» About this task: The response must be the exact lines from the one that contains "K Gold Textured" through the end of the material, with no pictures and no additional lines.

» Recorded information:
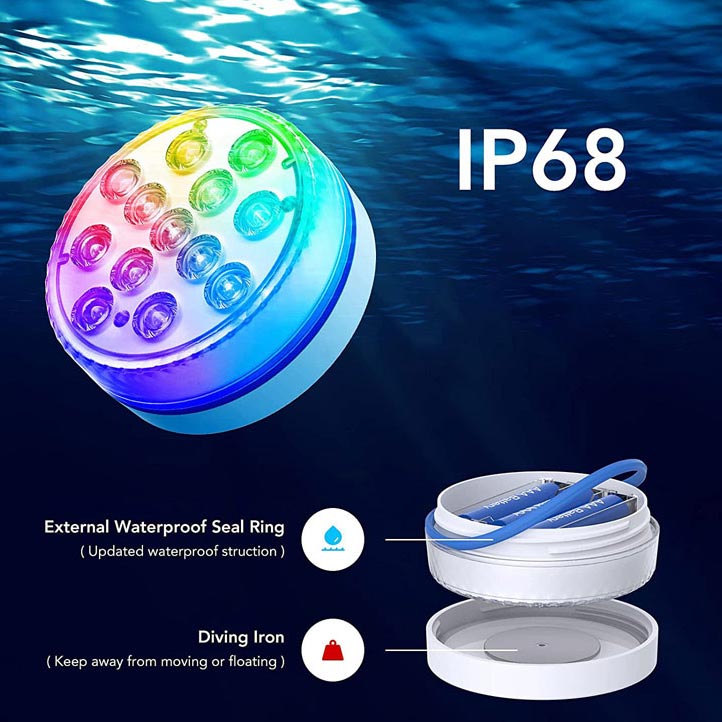 💡 50% DE DESCONTO – Luzes LED Submersíveis para Piscina com Controlo RF | Efeitos de cores, fáceis de instalar & impermeáveis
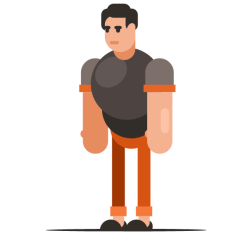Man with strong arms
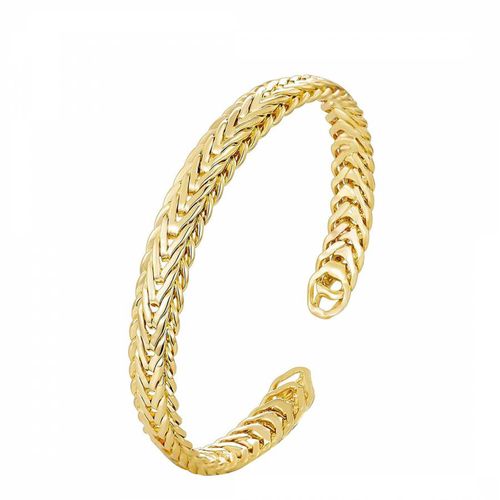 K Gold Textured Cuff Bangle - Stephen Oliver - Modalova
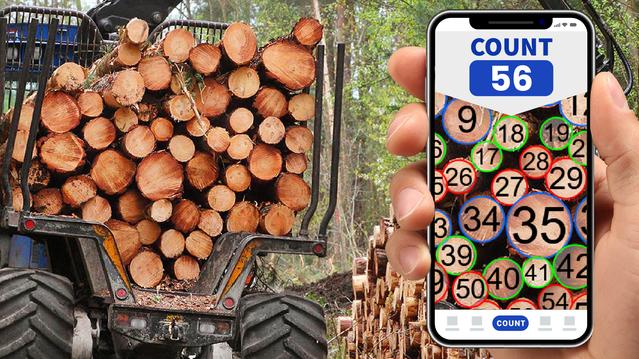 Log counting with the CountThings app.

» Result:
 K Gold Textured Cuff Bangle - Stephen Oliver - Modalova
 Log counting with the CountThings app.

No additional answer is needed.